You just had that extra chin and those bags under your eyes clipped off, or your backside reduced, now you are on painkillers, and the bruising makes you look like a raccoon for a couple weeks, so might as well go incognito for a while, and be comfortable for the duration, but after two weeks, that’s enough, you will dying to get into work.
5. ‘I Cannot Decide What To Wear Today’
So making a decision like this is tough for you, maybe you need to get some more outfits to choose from, but OK, a one day pause to reconsider what to wear tomorrow is in order, stay in your bathrobe until you figure it out.
6. ‘Work At Home Day’
Millions of Americans do this every day, it is a byproduct of connectivity, from anywhere you are you can do business in the world, so find a bathrobe that looks like business casual attire from the neck up where people can see on camera, you can fool them all, the bathrobe CEO, master of your own realm in soft terry cloth.

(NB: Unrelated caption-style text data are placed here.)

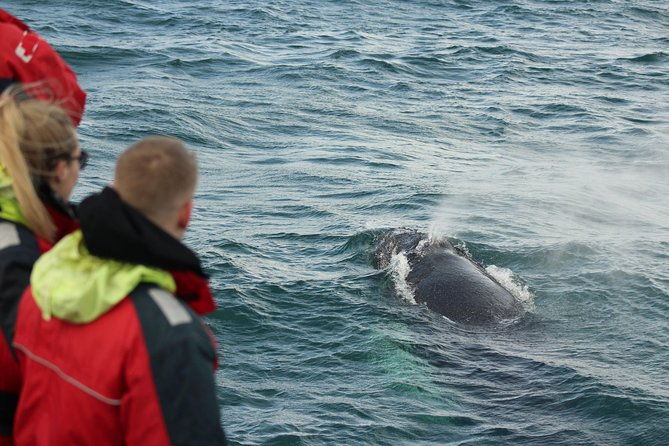 winter-whale-watching-northern-lights-cruise-combo-from-reykjavik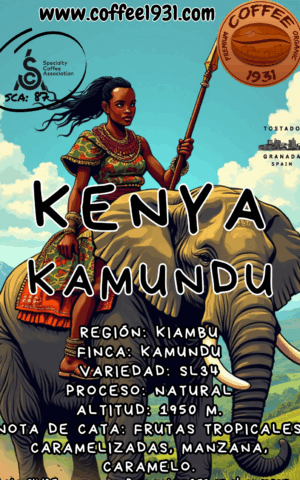Café Kenya Kamundu (87 Sca)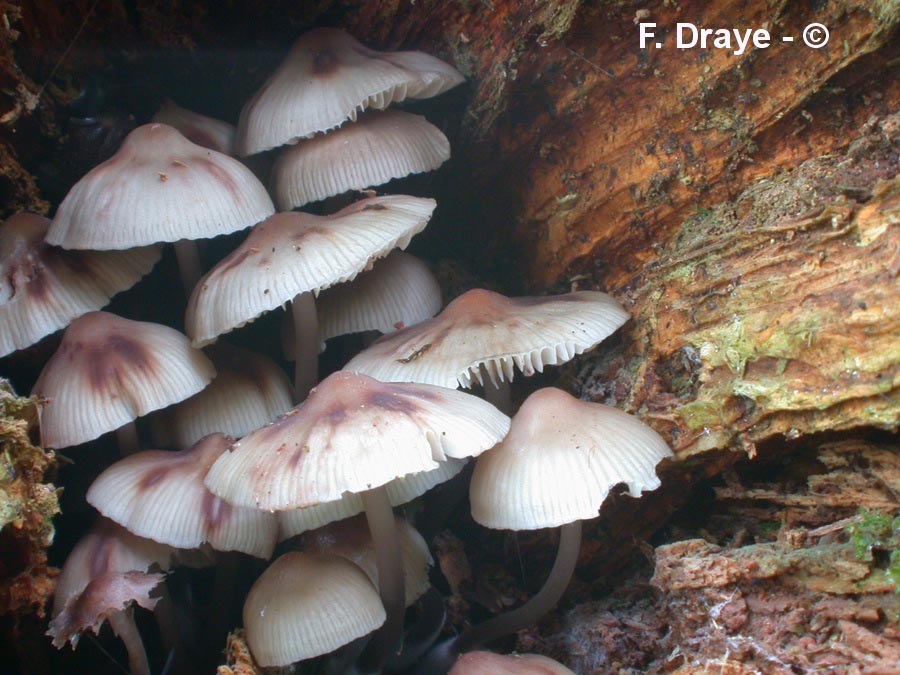Mycena maculata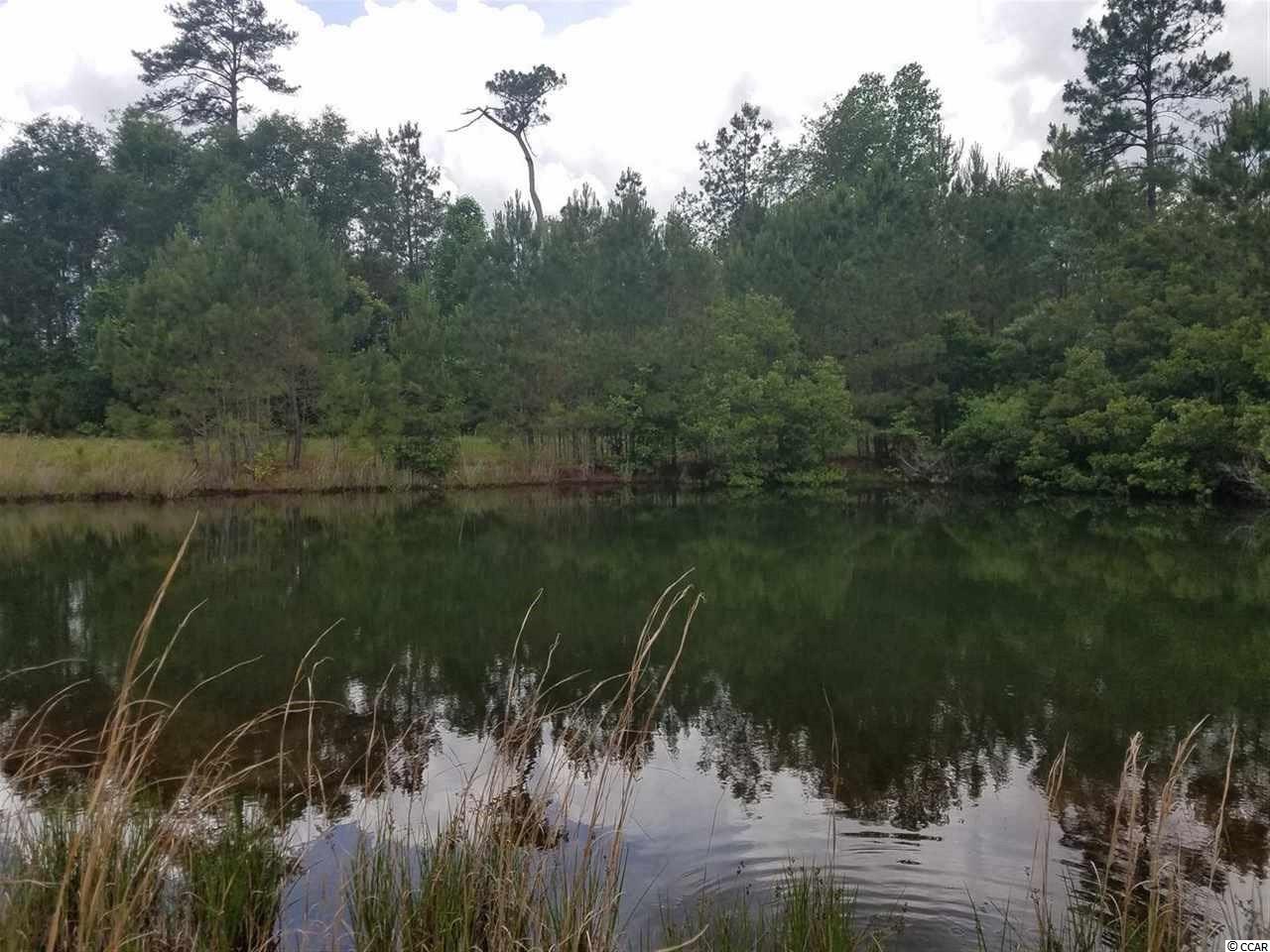 1-2 Harvey Road Loris, SC 29569 - Photo 2 of 18 Gallery Image 2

7. ‘It’s Your Birthday’ (substitute Mother’s Day, Father’s Day, whatever)
The kids are attending to your every need today, a role reversal for something completely different, they make and serve you breakfast in bed, you do not get out of your bathrobe all day, you fantasize about this becoming routine, but you have to wait one calendar year.
8. ‘The Bowl Games Go From Morning Until Night’
You cannot get out of your man cave except to the bathroom and the beer fridge, the football is non stop on TV, and the day culminates in the Rose Bowl, ooops, look at the time, it flies, it is time to go to bed, it seems like just a few games ago when I got up and put on my bathrobe.